Many financial commentators have railed at investors over the last few years for venturing out too far on the risk curve.
But, "all of the best investors take calculated risks,"
Christine Benz, director of personal finance for Morningstar, writes on the firm's web site. "The key to their success is that they make sure they're getting compensated for whatever risks they take on."
She lists several mutual funds that in the past have amply compensated investors for their risks.
These funds have generally slid more than their peers in prior market downturns, but Morningstar analysts believe they will perform strongly in the future.
When it comes to stock funds, Morgan Stanley Institutional Growth (Ticker: MSEGX) and Oakmark Select (OAKLX) were the only domestic-oriented funds to make the grade.
Morgan Stanley Institutional is a growth fund with a disciplined strategy and excellent long-term results, Benz says. Meanwhile Oakmark Select's "quality- and valuation-conscious approach has been vindicated over longer time frames," she writes.

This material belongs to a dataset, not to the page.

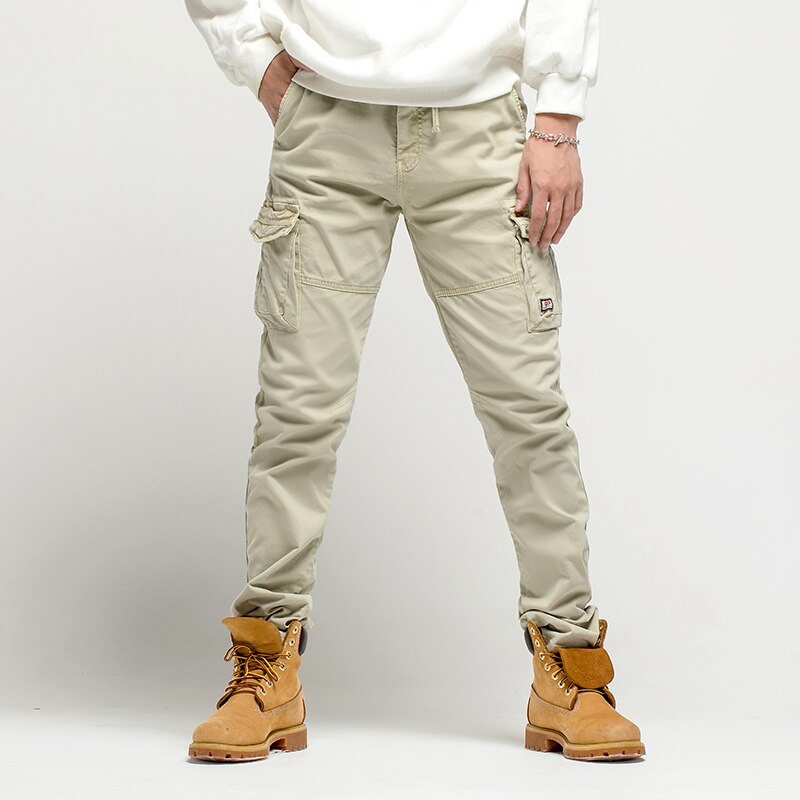 Griffin Men's Vintage Cotton Tactical Cargo Pants with Drawstring Waist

If you're looking to jump way out on the risk curve, you can invest in whiskey.
The first whiskey index was created six years ago, according to CNNMoney, and since then top single malts have soared in value by more than 660 percent. That compares to 143 percent for the S&P 500 index during that period.
"Whiskey as an investment is being driven by an escalating international demand, combined with an ever-decreasing supply of rare and aged single malt,"

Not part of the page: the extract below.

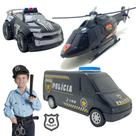 Kit Carrinho Polícia Helicóptero Van Brinquedo Menino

whiskey entrepreneur Stephen Notman told CNNMoney.
Of course, there are plenty of pratfalls to investing in collectibles like whiskey. First, they aren't necessarily true "alternative" investments. They are often highly correlated to stock prices.
Second, the market for collectibles is frequently illiquid. You might not be able to unload that bottle of booze so easily when the desire or need strikes you.
As a result, experts advise buying collectibles only when you have a passion for the items. Purchase the whiskey because you enjoy looking at it etc., not because you think you can get rich off of it.